Harvesting Geospatial Opportunity

Exploring Parcel Suitability for Community Garden Development in Maui County, Hawaii

Master’s Capstone Project by Chloe Hoke, M.A.

Capstone Project Submitted in the Fulfillment of the Requirements for the Degree of
Master of Applied Geospatial Information Systems and Technology
at the University of California, Los Angeles, Department of Geography

Awarded Outstanding Capstone Project of 2022
by the UCLA MAGIST Academic Advisory Board

Exploring Parcel Suitability for Community Garden Development in Maui County, Hawaii

This project demonstrates how stakeholder input and community insights can be used with spatial data to create a dynamic inventory of potential land for community garden development in Maui County, Hawaiʻi. Utilizing diverse data sources, including environmental, geophysical, political, and socioeconomic data, the tool provides an interactive interface for customized site suitability assessment. The goal is to empower community members with data-driven decision-making, expand community engagement, and lay the foundation for a scalable geospatial tool.

Phase 1:

Defining the Challenge & Opportunity

With urgent compounding challenges of the COVID-19 pandemic, climate change, extractive tourism, and heavy reliance on food and supply imports, Maui County faces extreme food insecurity in a post-colonial world. 

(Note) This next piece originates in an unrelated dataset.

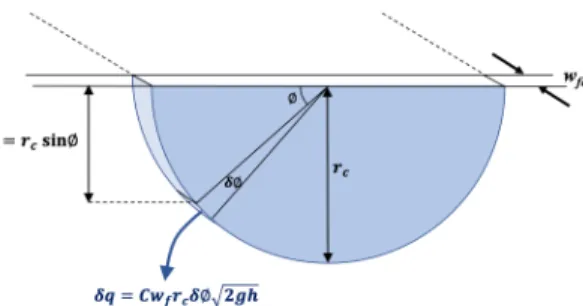 Fig. ED4 Schematic showing how water leakage is calculated in Eqs. 6 to 8. The total leak q from the channel into the fracture is treated as the sum of many small leaks δq (Eq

Community gardens can be key components of sustainable urban food systems that can address local food insecurity, increase urban green space, and support community well-being.

Phase 2:

Understanding Community Needs & Existing Efforts

Many local nonprofits and volunteer-based organizations have worked to establish school and community gardens in Maui County, but decisions on where to expand are often entirely opportunistic, as it can be challenging to efficiently find potential locations that effectively balance stakeholder priorities and site suitability.

Phase 3:

Building the Geospatial Database

Selected collaboratively with community partners, the layers include a variety of relevant environmental, political, and local community-based datasets. Data was gathered from a variety of entities including the State of Hawaiʻi GIS Program, the Trust for Public Land, the CDC, NOAA, and local community organizations such as Grow Some Good.

All spatial data was QAQC’ed, fully documented, contained in a single PostgreSQL database, and connected to a hosted Geoserver instance for custom styling.

Phase 4:

Developing the Code

The tool was custom-built in a Jupyter Notebook that leveraged Anaconda for Python. Python, HTML, CSS, and Anaconda. The tool references the unique data layers hosted in Geoserver and leverages custom Python, HTML, CSS, and specifically the ipywidgets library to create an intuitive, data-driven user-interface complete with interactive layer selection, parameter input, and query selection.

Phase 5:

Exploring Results in Context

Exploration of results revealed that a strictly rule-based quantitative approach to site selection can often overlook or underdeliver in terms of actual community impact and expected project value.

Results highlighted the necessary inclusion of more local knowledge and community insights which in collaboration with the geospatial decision-making tools, can expand output value even further to empower existing efforts to manage increasingly complex environmental land use decisions.

In this way, this project exemplifies how the geospatial can inform and empower stakeholders and non-experts, optimize decision-making efficiency, accelerate direct community action, and more effectively move towards a sustainable food future for Maui County and beyond.